Five years ago, Bonnie Kyle got some bad news about her husband's cancer.
"I loved my husband madly and I was just so deeply saddened at the news that he was not going to live that my body went into shock," said Kyle.
She went into full cardiac arrest. Doctors resuscitated her and she received an implantable cardioverter-defibrillator or ICD. It monitors her heart and sends electrical signals to keep it steady.
"She is the perfect example of a healthy person living a good quality of life that's been saved by a defibrillator," said Dr. David Mok, a cardiac electrophysiologist at Providence St. Joseph Medical Center.
But cases aren't always as clear-cut as Kyle's. Dr. Mok says most ICD patients haven't had a cardiac event.
There are specific guidelines as to who should get one. According to Dr. Mok, patients should not receive a preventative or primary prevention defibrillator within 40 days of a heart attack. Someone recently diagnosed with congestive heart failure shouldn't get one and patients shouldn't get one within 3 months of having coronary bypass surgery.
Now, a new study examines how well doctors follow these guidelines.
Of the 100,000 people who received ICDs, researchers say more than 20 percent did not meet the specific medical criteria.
And these patients may be at higher risk for complications including death.

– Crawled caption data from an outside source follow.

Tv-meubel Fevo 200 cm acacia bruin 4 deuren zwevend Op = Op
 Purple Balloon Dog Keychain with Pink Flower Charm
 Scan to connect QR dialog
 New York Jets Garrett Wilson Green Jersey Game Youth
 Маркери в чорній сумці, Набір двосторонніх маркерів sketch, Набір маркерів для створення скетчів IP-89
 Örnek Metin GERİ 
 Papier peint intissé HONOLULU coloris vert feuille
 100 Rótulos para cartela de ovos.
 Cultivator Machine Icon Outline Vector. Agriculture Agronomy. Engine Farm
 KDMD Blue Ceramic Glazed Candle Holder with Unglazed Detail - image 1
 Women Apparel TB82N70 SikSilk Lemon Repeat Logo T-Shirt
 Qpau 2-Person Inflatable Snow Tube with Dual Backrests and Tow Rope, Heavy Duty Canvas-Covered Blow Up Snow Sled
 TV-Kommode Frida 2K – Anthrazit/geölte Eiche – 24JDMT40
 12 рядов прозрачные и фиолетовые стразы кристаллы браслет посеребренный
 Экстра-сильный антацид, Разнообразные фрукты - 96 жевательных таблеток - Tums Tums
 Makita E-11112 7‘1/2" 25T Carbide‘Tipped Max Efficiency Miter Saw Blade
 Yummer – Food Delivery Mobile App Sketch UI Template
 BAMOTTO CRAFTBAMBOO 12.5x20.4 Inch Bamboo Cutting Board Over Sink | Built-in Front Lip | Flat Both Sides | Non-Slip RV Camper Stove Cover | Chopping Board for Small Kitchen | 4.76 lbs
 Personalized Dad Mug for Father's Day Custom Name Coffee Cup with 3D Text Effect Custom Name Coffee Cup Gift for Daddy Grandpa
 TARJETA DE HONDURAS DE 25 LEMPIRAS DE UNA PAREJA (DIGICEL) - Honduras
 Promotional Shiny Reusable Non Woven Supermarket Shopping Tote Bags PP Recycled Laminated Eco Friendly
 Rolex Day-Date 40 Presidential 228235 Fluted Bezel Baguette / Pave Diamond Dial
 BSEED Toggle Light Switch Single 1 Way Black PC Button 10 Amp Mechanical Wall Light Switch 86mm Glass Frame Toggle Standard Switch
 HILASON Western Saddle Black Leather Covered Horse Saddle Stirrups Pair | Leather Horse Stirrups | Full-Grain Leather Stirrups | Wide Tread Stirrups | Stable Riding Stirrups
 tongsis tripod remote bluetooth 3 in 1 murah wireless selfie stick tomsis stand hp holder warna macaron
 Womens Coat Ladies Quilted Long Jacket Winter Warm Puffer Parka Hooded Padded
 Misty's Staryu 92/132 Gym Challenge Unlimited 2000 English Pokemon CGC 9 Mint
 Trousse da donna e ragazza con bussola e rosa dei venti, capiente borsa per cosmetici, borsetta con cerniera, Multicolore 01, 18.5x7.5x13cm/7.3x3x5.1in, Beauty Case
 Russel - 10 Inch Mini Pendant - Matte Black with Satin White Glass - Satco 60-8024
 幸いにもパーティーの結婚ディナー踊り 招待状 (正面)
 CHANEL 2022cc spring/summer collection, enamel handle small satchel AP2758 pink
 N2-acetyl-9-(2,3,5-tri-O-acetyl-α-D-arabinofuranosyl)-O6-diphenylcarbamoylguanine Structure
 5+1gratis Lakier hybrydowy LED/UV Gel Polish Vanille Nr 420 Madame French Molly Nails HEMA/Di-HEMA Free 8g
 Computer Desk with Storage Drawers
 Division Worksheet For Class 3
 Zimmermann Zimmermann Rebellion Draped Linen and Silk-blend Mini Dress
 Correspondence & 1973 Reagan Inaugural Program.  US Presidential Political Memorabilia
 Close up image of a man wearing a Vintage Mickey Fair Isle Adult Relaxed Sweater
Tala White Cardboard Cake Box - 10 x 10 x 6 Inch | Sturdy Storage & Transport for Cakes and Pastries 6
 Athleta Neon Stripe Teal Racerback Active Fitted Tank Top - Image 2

But Dr. Mok points out guidelines are just that, and a good doctor weighs all the options before making a recommendation.
"The evidence based guidelines are the best knowledge that we have for good care. However there are still situations where you may be outside of the guidelines in which an ICD could be beneficial and appropriate," said Dr. Mok.
"I think you have to trust your doctors and just be proactive about your doctor care," said Kyle.
Study authors noted electrophysiologists or doctors with special training in heart rhythms had slightly better rates of evidence-based implants than other types of doctors in the study.